Closing Games
The most common competitive mistake isn't losing from behind — it's failing to close from ahead. Players build advantages, then squander them by mismanaging the final turns. This chapter is about finishing what you started.
The Endgame Shift
When you're at 1-2 prizes remaining, the game's dynamic changes:
You Win by Taking Prizes
Your only job is to take your remaining knockouts. Everything else — setting up, building future board — is irrelevant. You don't need a plan for turn 10 if you win on turn 7.
They Win by Preventing You
Your opponent's job shifts entirely to disruption. Expect:
- Hand disruption (reducing you to 1-2 cards)

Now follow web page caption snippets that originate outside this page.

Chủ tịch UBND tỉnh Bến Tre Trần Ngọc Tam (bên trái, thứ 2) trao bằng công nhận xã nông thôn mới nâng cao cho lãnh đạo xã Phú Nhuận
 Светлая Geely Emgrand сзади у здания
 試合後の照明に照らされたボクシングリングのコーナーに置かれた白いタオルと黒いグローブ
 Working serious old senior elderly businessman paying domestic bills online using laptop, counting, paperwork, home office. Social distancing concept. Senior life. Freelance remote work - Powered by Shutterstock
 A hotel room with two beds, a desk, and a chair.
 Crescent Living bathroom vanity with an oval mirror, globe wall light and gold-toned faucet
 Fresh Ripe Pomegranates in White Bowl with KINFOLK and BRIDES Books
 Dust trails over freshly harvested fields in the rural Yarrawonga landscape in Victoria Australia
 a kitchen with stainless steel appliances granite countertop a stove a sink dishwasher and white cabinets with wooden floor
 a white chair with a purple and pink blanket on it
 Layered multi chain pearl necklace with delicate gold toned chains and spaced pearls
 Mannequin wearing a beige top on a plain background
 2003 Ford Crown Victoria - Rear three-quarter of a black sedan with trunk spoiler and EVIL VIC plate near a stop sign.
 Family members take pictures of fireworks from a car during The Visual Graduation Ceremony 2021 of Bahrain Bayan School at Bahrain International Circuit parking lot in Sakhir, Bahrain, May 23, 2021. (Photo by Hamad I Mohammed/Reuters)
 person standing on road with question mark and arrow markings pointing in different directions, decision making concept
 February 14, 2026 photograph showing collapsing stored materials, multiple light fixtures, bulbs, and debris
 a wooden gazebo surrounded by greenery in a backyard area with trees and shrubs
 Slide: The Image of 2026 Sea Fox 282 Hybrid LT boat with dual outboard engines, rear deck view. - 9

- Gusting your setup Pokémon (denying your attacker access to their target)
- Walls (high-HP Pokémon or healing to deny knockouts)
- Their own aggressive prize push (racing you to the finish)
The N-to-1 Problem
The most dangerous moment in competitive play is when you're at 1 prize remaining. Your opponent will likely play a hand-disruption Supporter that reduces your hand to 1-2 cards.
This means:
- You might not draw what you need to take your last prize
- Any card in your hand that you don't play NOW could be your only card next turn
- Your opponent gets a final chance to disrupt before you close
Defending Against N-to-1
- Close immediately when possible. If you can take your last prize(s) right now, DO IT. Don't wait for a "better" knockout next turn.
- Play cards proactively. Before ending your turn at 1-2 prizes, use every resource you can. Empty your hand of useful plays so disruption hits less.
- Keep search options available. If you have an unused search Item in hand when you get disrupted, you still have outs on your final turn.
- Know your outs after disruption. If you get N'd to 1, what cards from your deck solve the problem? Count them before it happens.
Closing Sequencing
When you're at 1-2 prizes with the knockout available:
The Final Turn Checklist
- Can I win this turn? (Do I have the damage + the right target?)
- What could stop me? (Do they have gust to move my target? Healing? Switch?)
- Am I playing around their outs? (If they can survive one more turn, do I need to set up differently?)
- Is there a simpler path? (Sometimes the fancy play is worse than the obvious one)
Confirm Your Knockout Math
Before attacking for the win:
- Count their remaining HP vs your damage output
- Include modifiers (weakness, resistance, tools, Abilities that alter damage)
- Account for effects that might reduce damage or prevent the KO
- If the math is tight, check twice
There is no worse feeling than attacking for the win and falling 10 damage short because you miscounted.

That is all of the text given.